= Innamorata (song) =

"Innamorata" is a song written in 1955. The music was written by Harry Warren and the lyrics by Jack Brooks.

==Background==
It was written for the 1955 Martin and Lewis film, Artists and Models and Dean Martin sang it while rubbing sun oil into Dorothy Malone's back. Shirley MacLaine reprised the song to Jerry Lewis in comedy fashion.
In Italian, the word innamorata means "in love".

==Chart performance==
The biggest selling recording of the song was sung by Dean Martin (issued as Capitol Records catalog number 3352), reaching number 27 on the Billboard chart in 1956. Jerry Vale also had a major recording (Columbia Records catalog number 40634) of the song in the same year, which peaked at number 30. In 2014, Vale was interviewed by a YouTube user about the song, and talked about how his version was recorded:

Someone from Famous Music called me and told me they had that song, but he said "I've got to be honest with you, Dean Martin is doing it in the movie, and he's probably going to make a record for Capitol." I listened to it, and I thought it was a great song for me.
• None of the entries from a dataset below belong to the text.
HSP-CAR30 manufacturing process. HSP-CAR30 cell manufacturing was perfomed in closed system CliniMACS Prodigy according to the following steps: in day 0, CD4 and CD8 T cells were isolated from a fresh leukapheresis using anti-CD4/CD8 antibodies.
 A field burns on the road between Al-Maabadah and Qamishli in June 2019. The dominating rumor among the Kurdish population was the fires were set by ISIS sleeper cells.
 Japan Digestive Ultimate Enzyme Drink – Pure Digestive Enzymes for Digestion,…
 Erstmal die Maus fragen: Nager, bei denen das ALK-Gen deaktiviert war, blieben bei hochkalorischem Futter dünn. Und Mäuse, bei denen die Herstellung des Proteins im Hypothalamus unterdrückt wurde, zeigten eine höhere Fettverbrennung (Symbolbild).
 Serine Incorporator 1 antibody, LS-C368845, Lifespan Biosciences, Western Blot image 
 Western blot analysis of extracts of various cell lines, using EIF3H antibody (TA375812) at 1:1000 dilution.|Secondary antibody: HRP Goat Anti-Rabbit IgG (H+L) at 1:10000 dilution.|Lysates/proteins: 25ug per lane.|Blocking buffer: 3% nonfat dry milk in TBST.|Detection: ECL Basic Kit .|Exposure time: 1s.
The recording was very unusual in that the musicians formed a circle, and I was in the middle of the orchestra, on a podium, with the microphone above my head. It was intimidating.

On the Cashbox magazine Best-Selling Records chart, which combined all versions of the song, it reached position number 17.

==Popular culture==
The song is used in the comedy film Hot Shots! Part Deux.